Several weeks ago, Jenny Lawson, The Bloggess wrote a beautiful and brave post on depression (be warned, Jenny’s blog is not for the faint of heart.) It made me cry with relief and understanding and so much empathy. I wished I could hug her and tell her that I understand and how much her words meant to me. I wanted even more for her to hug me and tell me the same thing. In fact, when I am in the midst of a serious bout of depression, what I want most is to be touched and held and loved.
Ironically, though, depression is not a pretty thing, and as much as I need to be touched, I also don’t want anyone around me because it is such an amazing effort just to take care of myself, so sometimes I don’t. I don’t eat or I eat too much. I don’t shower, change my clothes, comb my hair, or brush my teeth. And I’m definitely not caring for anyone else. Instead as Jenny said, I find myself “unable to do anything but cling to the couch and force myself to breathe.” Most of the time, though, I’m clinging to my bed because the couch is too public of an area.
When I can finally rouse myself and return to living, I’m always greeted with the realization that despite the fact that I stopped, nothing else did, and that, above all else is the most difficult part for me. I’m hit with a wall of guilt that almost knocks me back into bed, but I’m a fighter, so I fight with all I’ve got. It is exhausting. Jenny describes this perfectly…
“When you come out of the grips of a depression there is an incredible relief, but not one you feel allowed to celebrate. Instead, the feeling of victory is replaced with anxiety that it will happen again, and with shame and vulnerability when you see how your illness affected your family, your work, everything left untouched while you struggled to survive. We come back to life thinner, paler, weaker…but as survivors. Survivors who don’t get pats on the back from coworkers who congratulate them on making it. Survivors who wake to more work than before because their friends and family are exhausted from helping them fight a battle they may not even understand.”

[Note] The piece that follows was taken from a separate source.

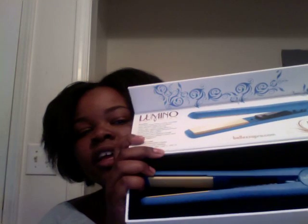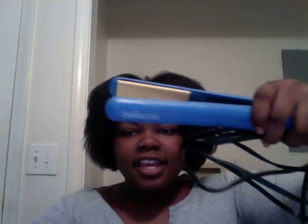The color I got is blue, and here's the flat iron right here. When your hair is wet and you put a flat iron on it, you hear that sizzling — so I decided not to use too much heat protectant. It came in this velvety case.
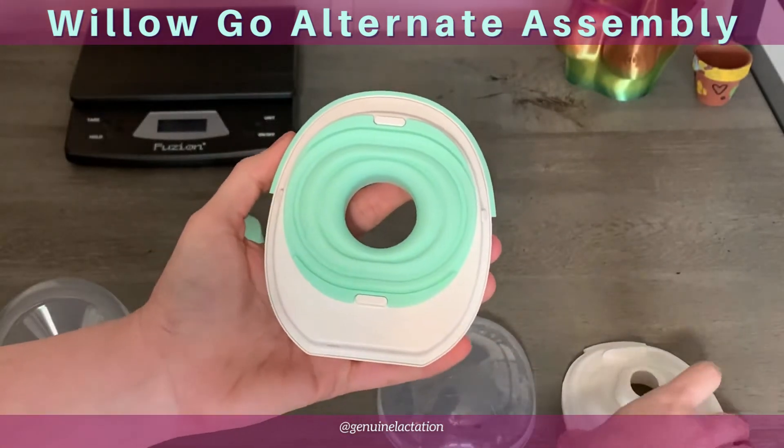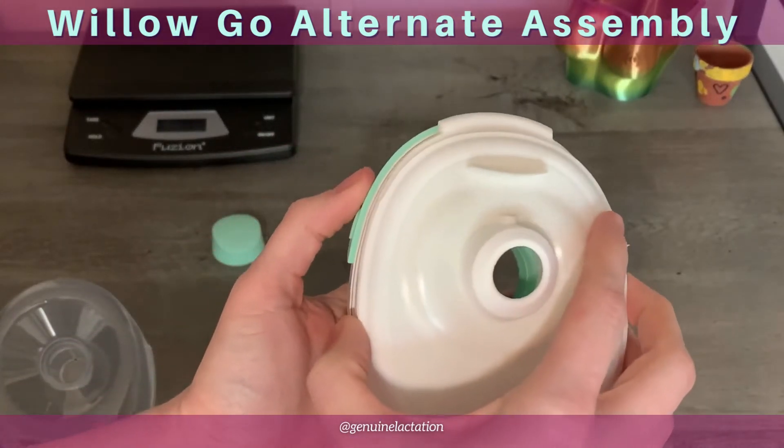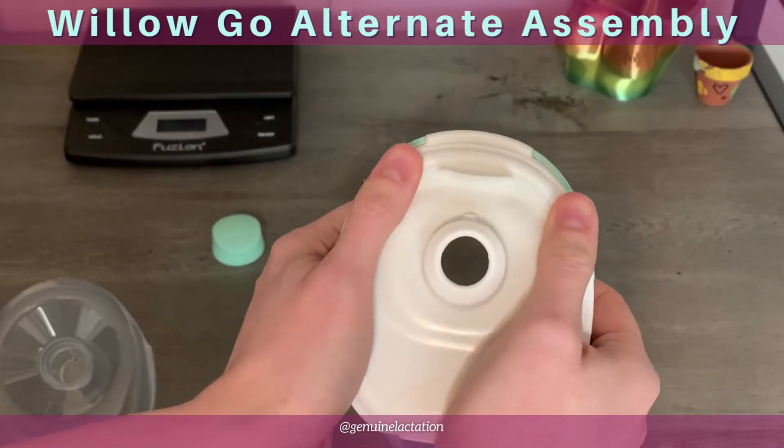Then you're going to place your container back on, pressing it flat to connect both sides at the same time.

So far, I am a survivor. And I’ve learned to be proud of that. It takes incredible strength and resiliency to continually get swallowed by something as heavy and dark as depression, and still get up, over and over and over. I’ve learned a few tricks along the way that help me get up and get going again, I’ll share those later. For now, I’m grateful today that I’m out of bed, moving, and fully participating in my life again.